» **Task goal**: The required output is an exact restatement of the lines, starting with the one that contains "Bike Water Bottles" and finishing with the last line of the listing. It contains no pictures.

» **Dataset extract**:
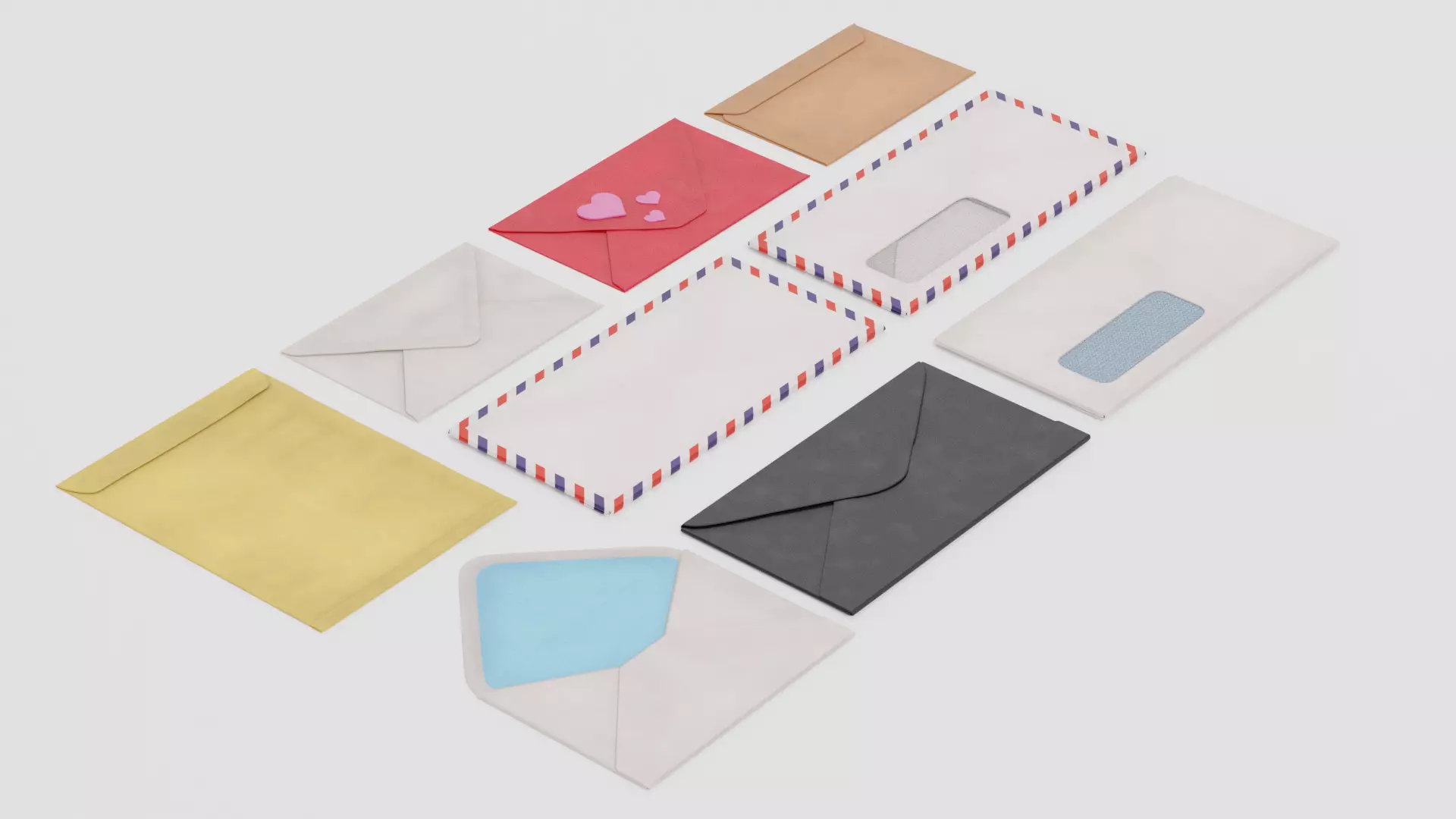 -Envelopes Collection- 3D model_2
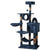 Cat tower 150 CM in cyan grey showing multi-level climbing platforms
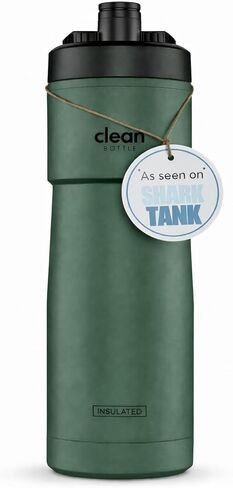 Bike Water Bottles | Insulated Bike Water Bottle | Easy Clean Nozzle, Easy Squeeze | Cycling Mountain Fitness Water Bottle | Gym Sport Bottle | Sport 23 Oz | Aqua, 23 Oz in Kuwait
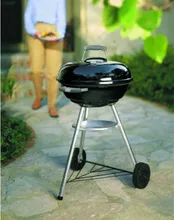 Угольный гриль Weber Compact Kettle, 47 см, чёрный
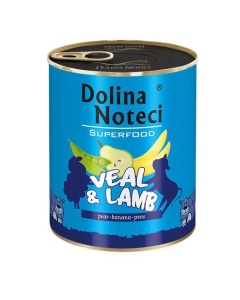 Dolina Noteci Superfood Dog Adult Teletina i Jagnjetina 400g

» **Reply to the exercise**:
 Bike Water Bottles | Insulated Bike Water Bottle | Easy Clean Nozzle, Easy Squeeze | Cycling Mountain Fitness Water Bottle | Gym Sport Bottle | Sport 23 Oz | Aqua, 23 Oz in Kuwait
 Угольный гриль Weber Compact Kettle, 47 см, чёрный
 Dolina Noteci Superfood Dog Adult Teletina i Jagnjetina 400g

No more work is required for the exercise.